Hatte Belastungsasthma mit 17: Erik Lesser beim Sommertraining auf Rollen Foto: Imago / Jan Hübner

taz: Herr Lesser, in diesem Sommer gab es zwei große Sportereignisse, die Fußball-Europameisterschaft und die Olympischen Sommerspiele in Rio de Janeiro. Schalten Sie da nebenher auch mal den Fernseher an?

Erik Lesser: Olympia hat mich ziemlich interessiert. Im Lauf der Jahre lernt man ja auch den einen oder anderen Sommersportler kennen. Dadurch hat man eine andere Verbindung zu den Sportlern, wenn man sie im Fernsehen sieht. Da war ich also intensiv dabei, bin aber natürlich nicht nachts um drei zum 100-Meter-Finale aufgestanden. Tagsüber habe ich aber meistens Olympia geguckt, weil ich zu dem Zeitpunkt meinen zweiwöchigen Ausfall mit einer etwas hartnäckigeren Erkältung hatte. Die Fußball-EM hat mich in der Gruppenphase nicht interessiert, das war anfangs ja nicht so ansehnlich. Aber die K.-o.-Spiele hab ich dann natürlich schon angeschaut.
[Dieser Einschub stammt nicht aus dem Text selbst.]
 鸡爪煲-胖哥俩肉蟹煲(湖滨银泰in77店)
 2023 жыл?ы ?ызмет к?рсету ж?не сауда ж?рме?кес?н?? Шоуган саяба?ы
Ein großes Thema vor und während der Sommerspiele in Rio war nach den Doping-Enthüllungen das Hin und Her über die Teilnahme der russischen Athleten. Wie war Ihr Gefühl, als Sie während der Spiele dann zumindest Teile der russischen Mannschaft im Fernsehen sahen? Ihr Wintersportkollege Felix Neureuther schlug ja vor, alle russischen Athleten für Rio zu sperren.

Ich bin immer ein fairer Betrachter. Für den Sport hätte ich mir sehr gewünscht, dass das IOC gesagt hätte: Wir ziehen jetzt einen Strich, es darf gar keiner mitmachen. Auf der anderen Seite kann ich die Entscheidung ein Stück weit nachvollziehen, einigen Athleten aus dem russischen Team die Teilnahme zu erlauben – unter der Voraussetzung, dass sie glaubhaft nachweisen können, regelmäßig von einer anerkannten und neutralen Anti-Doping-Agentur kontrolliert worden zu sein. Andererseits bin ich mir eben nicht so sicher, ob das in der Kürze der Zeit tatsächlich so verlässlich geprüft werden konnte. Von daher war das von außen betrachtet eine etwas holprige Entscheidung, sie doch laufen zu lassen. Unabhängig davon hätte ich es für den Sport gut gefunden, wenn man gesagt hätte: Das lassen wir nicht mit uns machen, wir statuieren ein Exempel und kein russischer Athlet darf teilnehmen.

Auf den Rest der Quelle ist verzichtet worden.